Eén gram koolhydraten levert vier calorieën van energie. Sporters praten vaak over koolhydraatbelasting en uitputting van koolhydraten, wat verwijst naar de hoeveelheid koolhydraatenergie die we in onze spieren kunnen opslaan. Dit is over het algemeen ongeveer 2.000 calorieën van koolhydraten, maar we kunnen dit aantal veranderen door uitputting en laden. Tijdens uitputting (uit dieet, oefening of een combinatie) gebruiken we het opgeslagen koolhydraat.

Als we deze winkels niet aanvullen, kunnen we zonder brandstof komen te zitten voor onmiddellijke training. Atleten noemen dit vaak "bonken" of "tegen de muur slaan". Op dezelfde manier kan het eten van grote hoeveelheden koolhydraten deze winkels vergroten. Dit wordt vaak koolhydraatbelasting of carbo-laden genoemd. Hoewel elke persoon uniek is, en onze opslagcapaciteit voor koolhydraten varieert, volgens Dan Benardot, de auteur van Advanced Sports Nutrition, "kunnen mensen ongeveer 350 gram (1.400 kilocalorieën) opslaan in de vorm van spierglycogeen, een extra 90 gram (360 kilocalorieën) in de lever en een kleine hoeveelheid circulerende glucose in het bloed (~ 5 gram of ongeveer 20 kilocalorieën). larger Hoe groter de spiermassa, hoe groter de potentiële glycogeenopslag, maar des te groter de potentiële behoefte. "

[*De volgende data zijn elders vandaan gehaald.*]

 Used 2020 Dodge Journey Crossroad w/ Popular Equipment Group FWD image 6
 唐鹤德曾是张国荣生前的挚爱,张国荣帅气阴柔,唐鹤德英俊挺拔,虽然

Een andere veel voorkomende figuur in het onderzoek geeft aan dat de maximale glycogeenopslag ongeveer 15 gram per kilogram lichaamsgewicht (15 gram per 2,2 pond) is. Met deze wiskunde zou een atleet van 175 pond tot 1200 gram glycogeen (4.800 calorieën) kunnen opslaan, wat lange tijd intensieve training zou kunnen voeden.

Koolhydraten en lichaamsbeweging

Koolhydraten opgeslagen als glycogeen is een gemakkelijk toegankelijke energiebron voor lichaamsbeweging. Hoe lang deze energievoorziening duurt, is afhankelijk van de lengte en intensiteit van de training en kan variëren van 30 tot 90 minuten of meer.

Begin met volle glycogeenvoorraden om te voorkomen dat uw energie opraakt tijdens het sporten, vul ze bij tijdens het sporten en vul ze opnieuw aan na de training om klaar te zijn voor de volgende training.

Soorten koolhydraten

Koolhydraten zijn ook onderverdeeld in eenvoudige en complexe vormen. Eenvoudige suikers (koolhydraten) worden zeer snel opgenomen en omgezet in energie en vormen een snelle energiebron. Fruit en sportdranken zijn een goede bron van eenvoudige koolhydraten.

Complexe koolhydraten doen er iets langer over om te worden verteerd en opgenomen in het lichaam. Ze nemen ook langer de tijd om af te breken en leveren daarom energie in een lagere snelheid dan eenvoudige suikers. Voorbeelden van complexe koolhydraten zijn brood, rijst en pasta. Zetmeel en vezels worden ook beschouwd als complexe koolhydraten, maar vezels kunnen niet worden verteerd of voor energie worden gebruikt. Zetmeel is waarschijnlijk de belangrijkste energiebron in het dieet van een atleet omdat het wordt afgebroken en opgeslagen als glycogeen. Voedingsmiddelen met een hoog zetmeel omvatten volkoren brood, ontbijtgranen, pasta en granen.